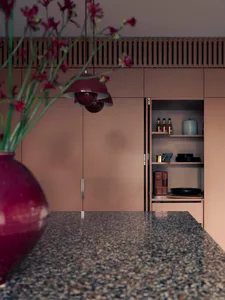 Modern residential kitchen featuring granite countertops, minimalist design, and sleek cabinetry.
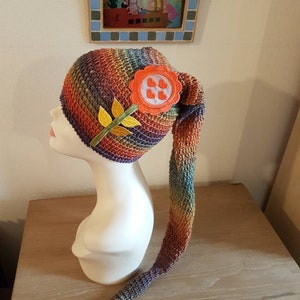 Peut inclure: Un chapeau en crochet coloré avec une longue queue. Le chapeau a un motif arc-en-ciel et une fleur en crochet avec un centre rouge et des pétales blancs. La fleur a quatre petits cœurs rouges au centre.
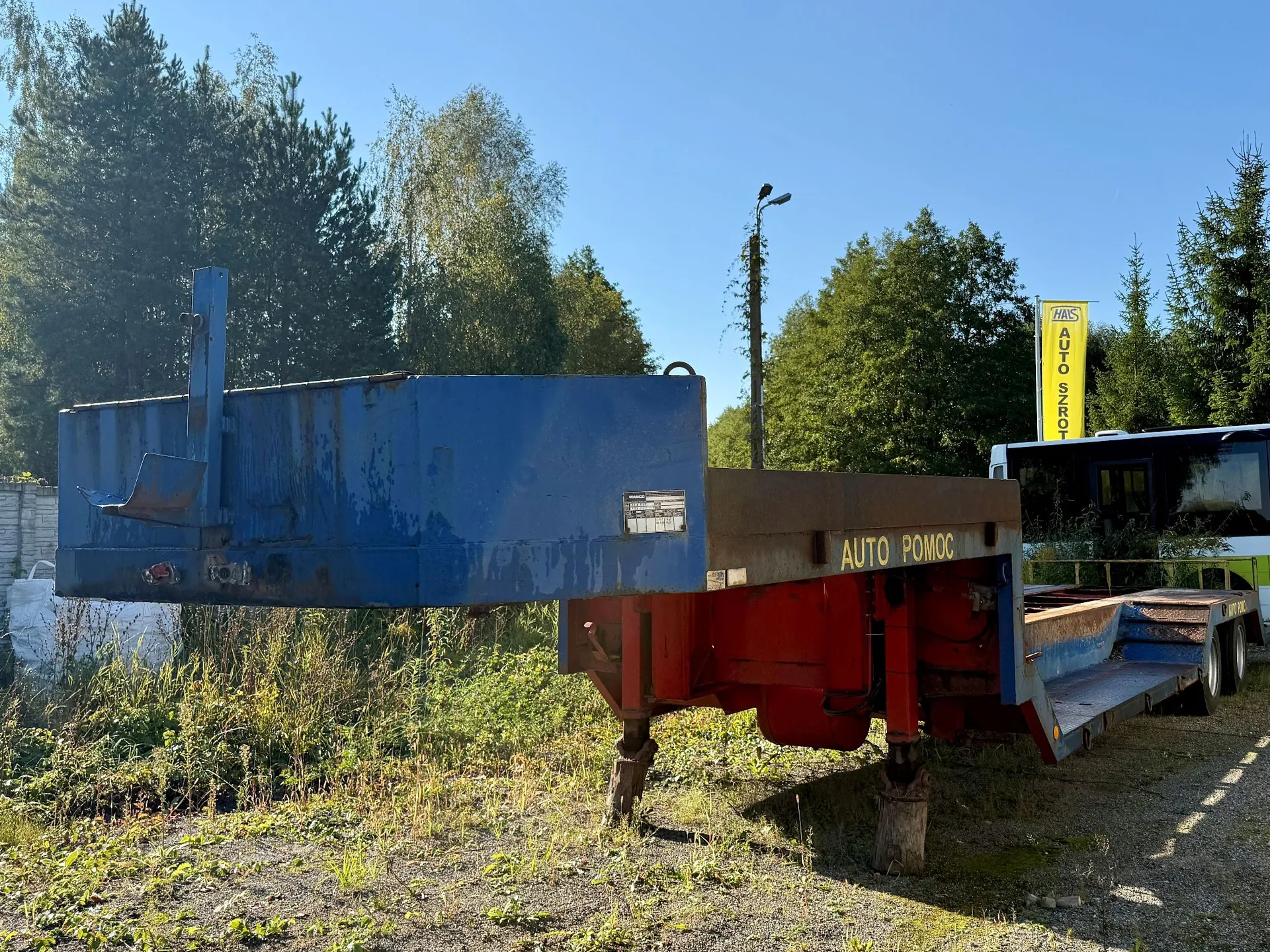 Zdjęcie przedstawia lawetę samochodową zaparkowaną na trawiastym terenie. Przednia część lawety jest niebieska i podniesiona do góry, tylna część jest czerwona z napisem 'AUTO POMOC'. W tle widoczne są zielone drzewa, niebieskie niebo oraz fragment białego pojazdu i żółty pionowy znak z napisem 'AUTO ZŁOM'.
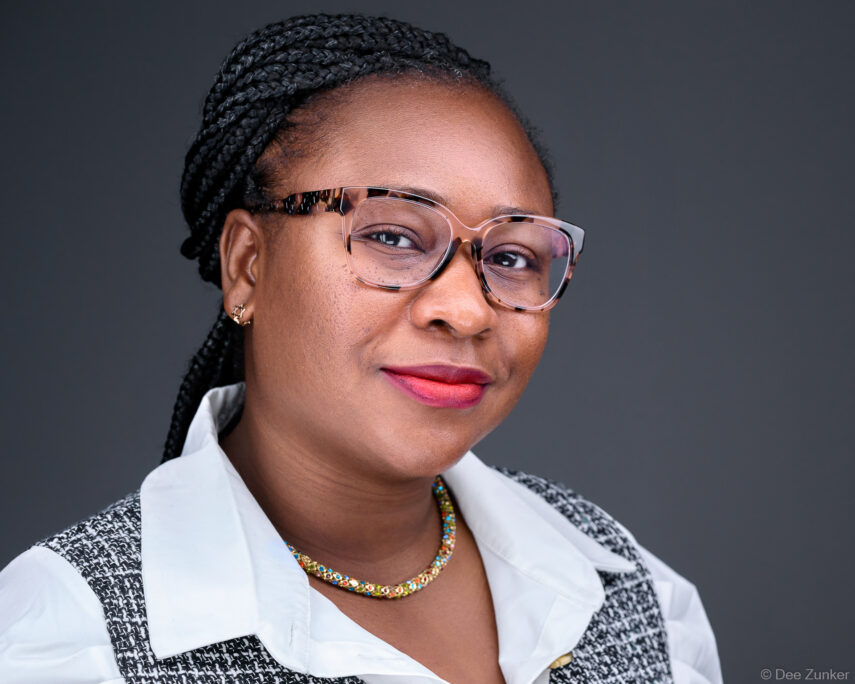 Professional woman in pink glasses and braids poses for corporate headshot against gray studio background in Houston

================================

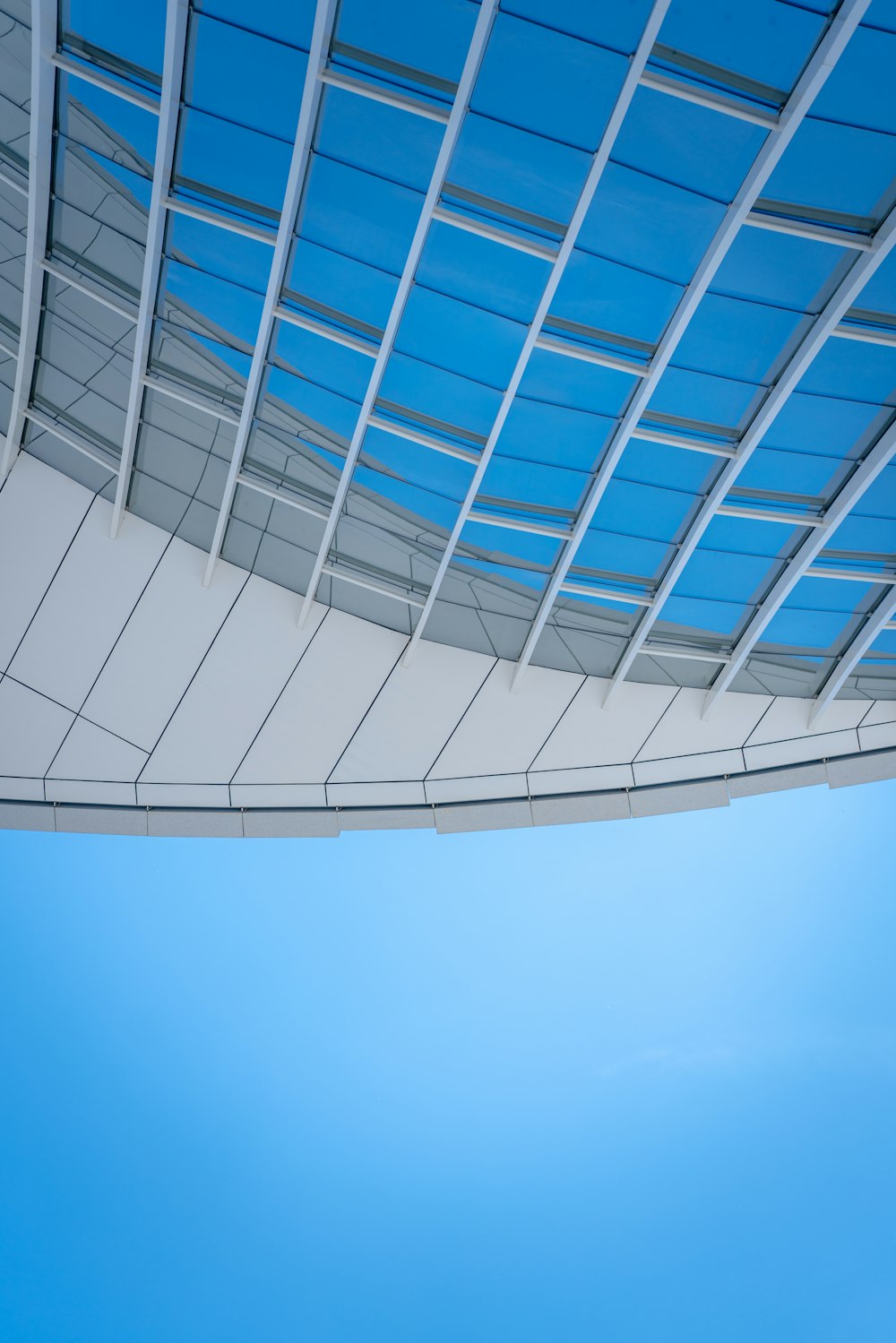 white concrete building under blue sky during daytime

================================

Return only the part above that opens with the line containing "Modern residential kitchen" and closes with the line containing "Peut inclure: Un", exactly and with both ends, skipping the pictures.

§ **Solved problem**:
 Modern residential kitchen featuring granite countertops, minimalist design, and sleek cabinetry.
 Peut inclure: Un chapeau en crochet coloré avec une longue queue. Le chapeau a un motif arc-en-ciel et une fleur en crochet avec un centre rouge et des pétales blancs. La fleur a quatre petits cœurs rouges au centre.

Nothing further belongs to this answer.